== Records for the exercise ==
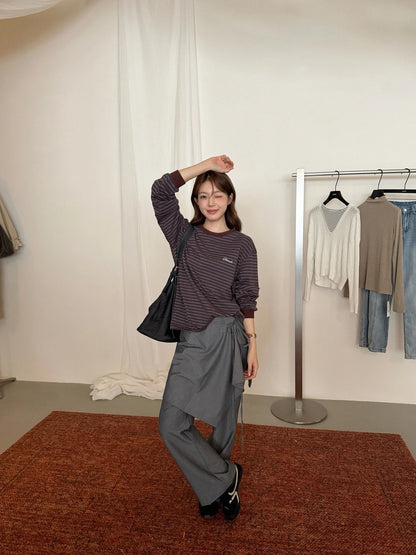 B151 / 休閒風小刺繡間條長袖上衣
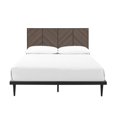 thumbnail image 2 of 4 Panel Metal and Wood Queen Platform Bed - Ash Brown Bookmatch, 2 of 6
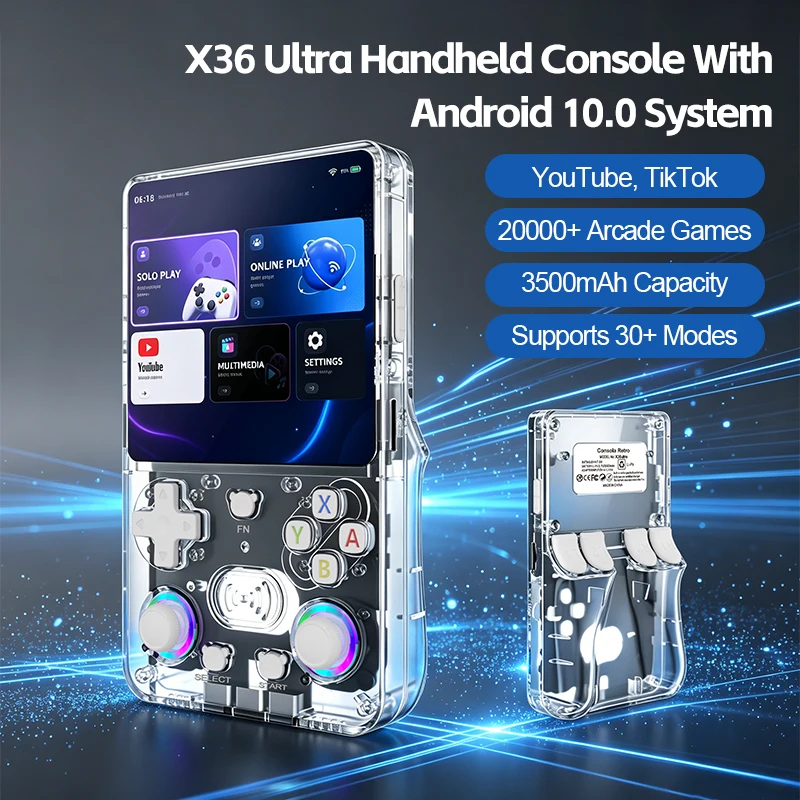 Console de Jeu Portable X36 Ultra 4.2" | 15000 Jeux Rétro | 64GB Linux | Double Joystick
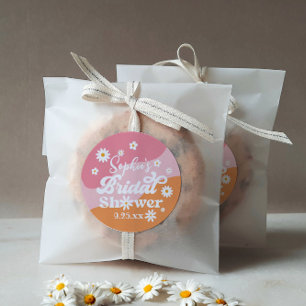 Groovy Retro Brautparty Hippie Favor Runder Aufkleber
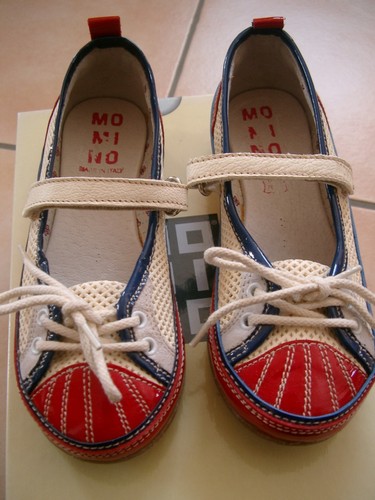 (S55) MOMINO Girls Schuhe Leder Ballerinas Materialmix mit Klettverschluß gr.35 - Picture 4 of 4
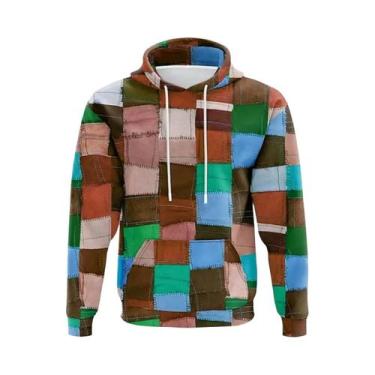 Imagem de Moletom Masculino Oversized Com Estampa Xadrez Y2K, Costura Simulada E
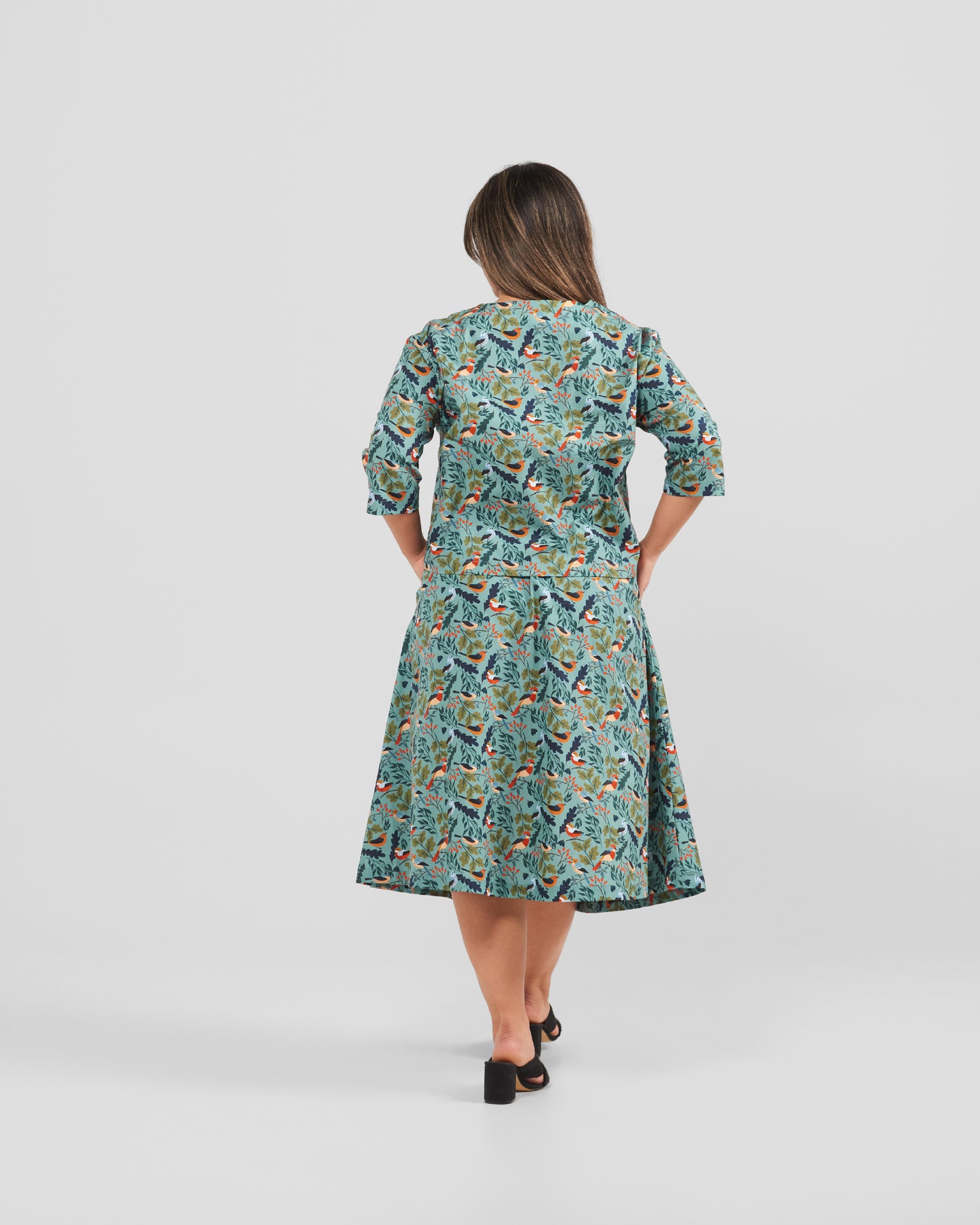 Women's Bird Watching Print 3/4-sleeve Pull-over Blouse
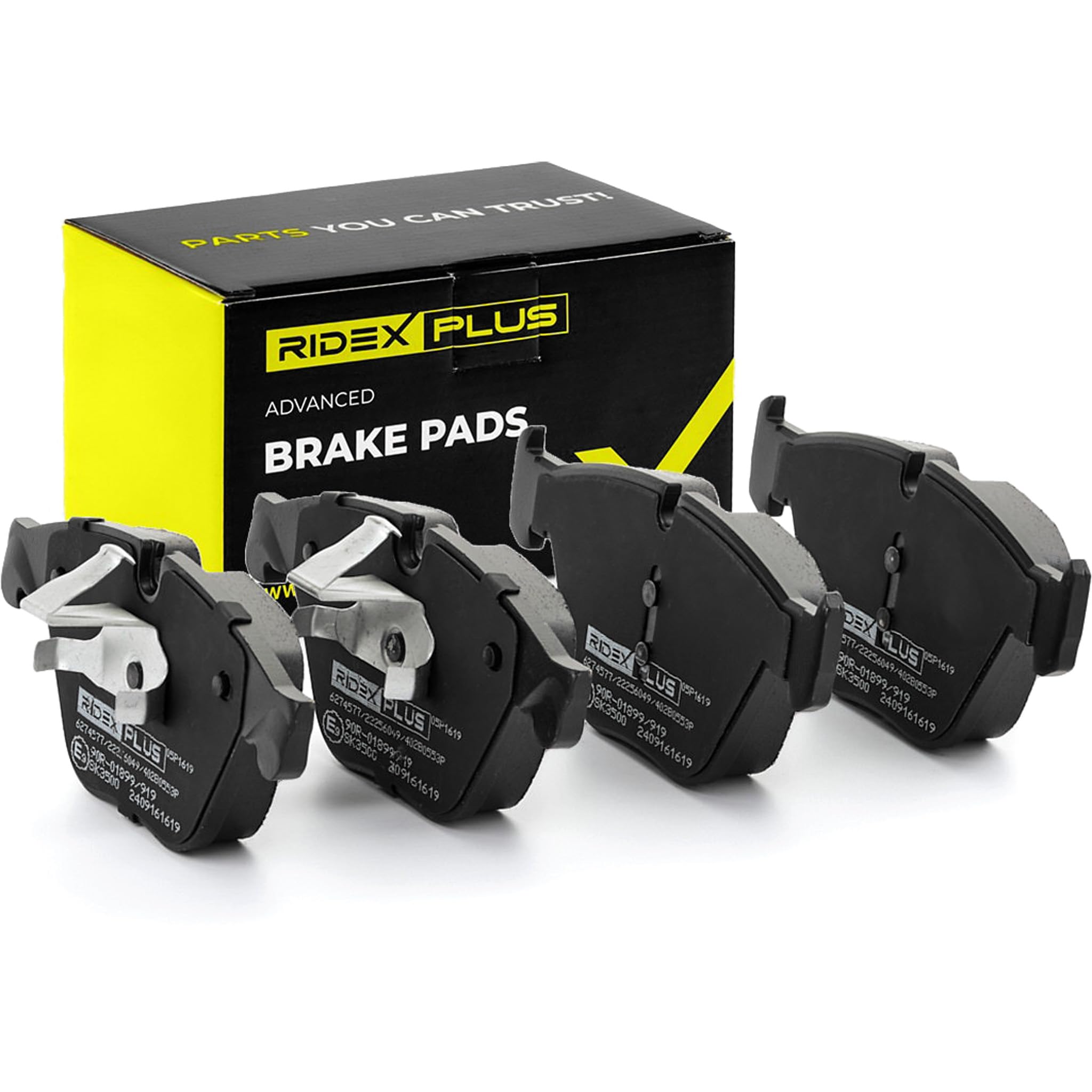 RIDEX PLUS 402B0553P Set d'assale Kit pastiglie freni Anteriore con clip pistone Compatibilità con BMW 5 Sedan F10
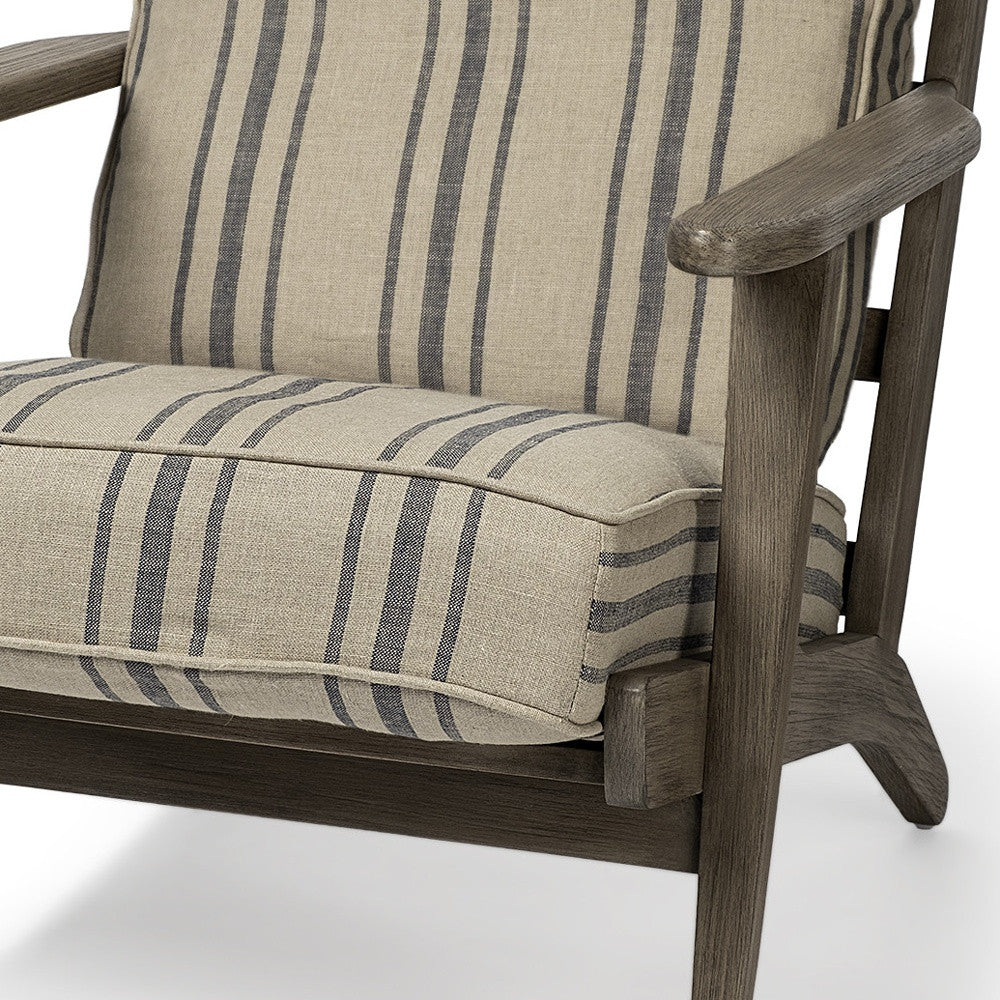 31" Beige Gray and Brown Fabric Striped Lounge Chair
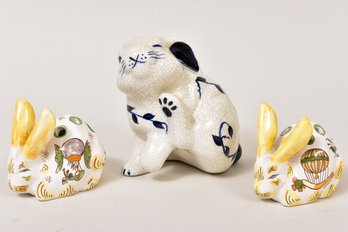 Vintage Hand Painted Potting Shed Bunny Figurine Dedham Style And Pair Of French Faience Bunny Figurines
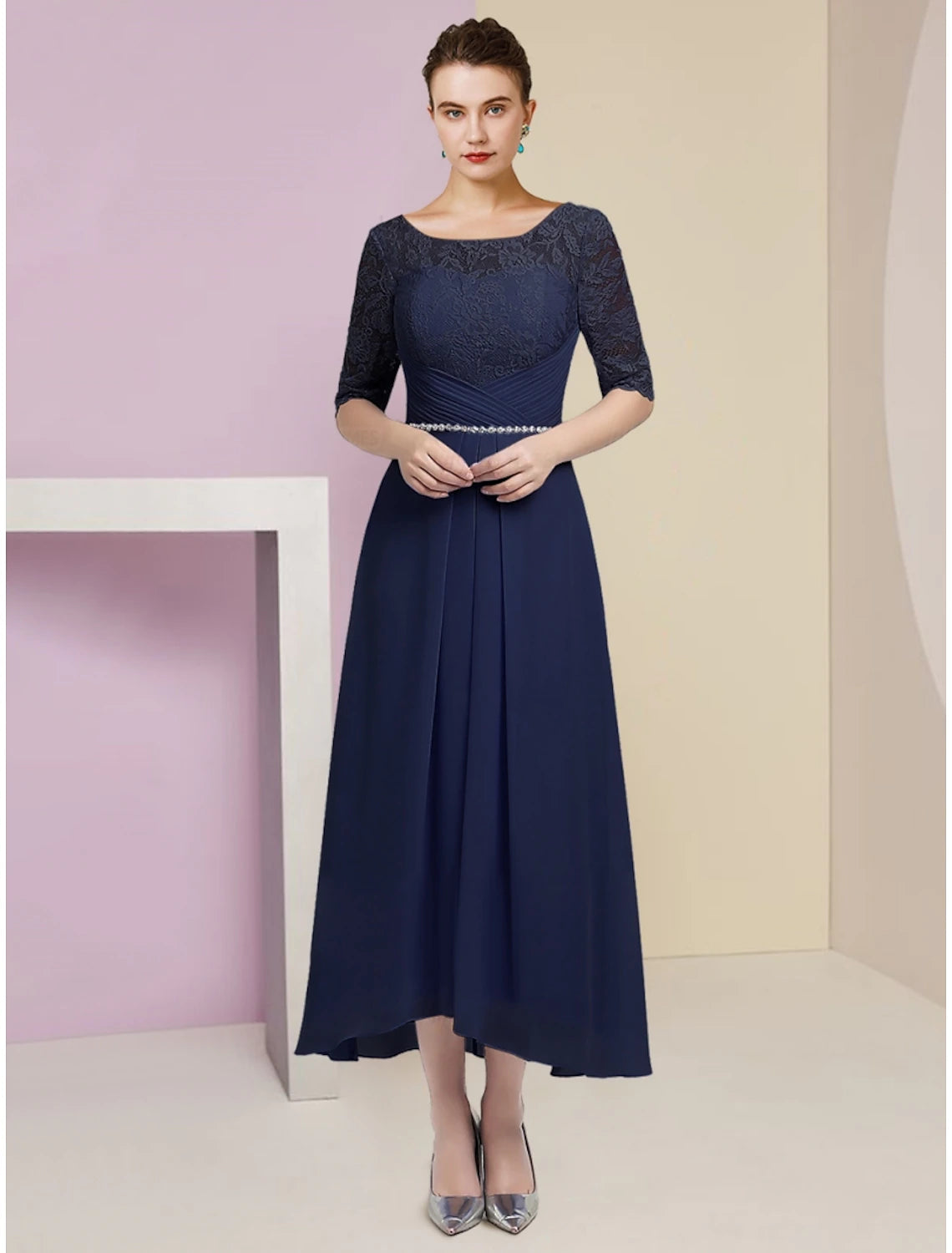 Dark Navy Chiffon Lace A-Line Tea-Length Dress with Scoop Neck and Beaded Belt
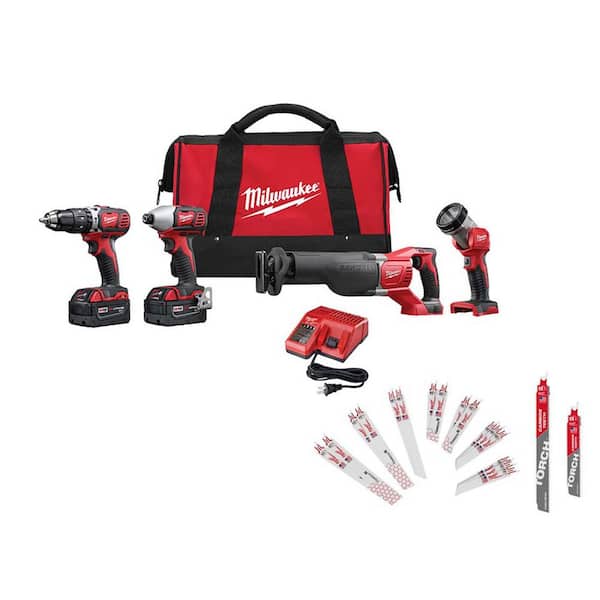 Milwaukee M18 18V Lithium-Ion Cordless Combo Kit with Two 3.0Ah Batteries, Charger, Tool Bag (4-Tool) with SAWZALL Blade Set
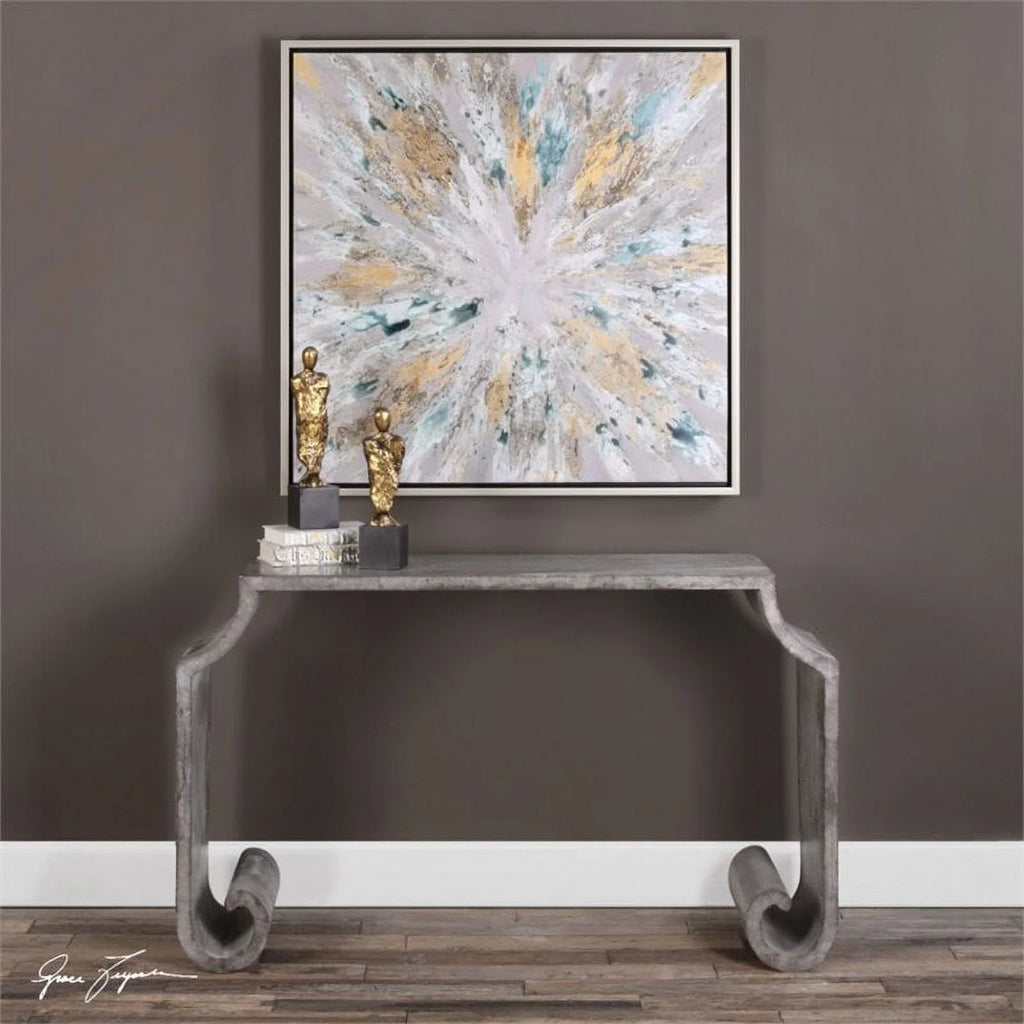 Contemporary Console Table in Stone Gray G7512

== Task to complete ==
Nothing but the pictures should be left out when the listing is repeated exactly.

== Output for this task ==
 B151 / 休閒風小刺繡間條長袖上衣
 thumbnail image 2 of 4 Panel Metal and Wood Queen Platform Bed - Ash Brown Bookmatch, 2 of 6
 Console de Jeu Portable X36 Ultra 4.2" | 15000 Jeux Rétro | 64GB Linux | Double Joystick
 Groovy Retro Brautparty Hippie Favor Runder Aufkleber
 (S55) MOMINO Girls Schuhe Leder Ballerinas Materialmix mit Klettverschluß gr.35 - Picture 4 of 4
 Imagem de Moletom Masculino Oversized Com Estampa Xadrez Y2K, Costura Simulada E
 Women's Bird Watching Print 3/4-sleeve Pull-over Blouse
 RIDEX PLUS 402B0553P Set d'assale Kit pastiglie freni Anteriore con clip pistone Compatibilità con BMW 5 Sedan F10
 31" Beige Gray and Brown Fabric Striped Lounge Chair
 Vintage Hand Painted Potting Shed Bunny Figurine Dedham Style And Pair Of French Faience Bunny Figurines
 Dark Navy Chiffon Lace A-Line Tea-Length Dress with Scoop Neck and Beaded Belt
 Milwaukee M18 18V Lithium-Ion Cordless Combo Kit with Two 3.0Ah Batteries, Charger, Tool Bag (4-Tool) with SAWZALL Blade Set
 Contemporary Console Table in Stone Gray G7512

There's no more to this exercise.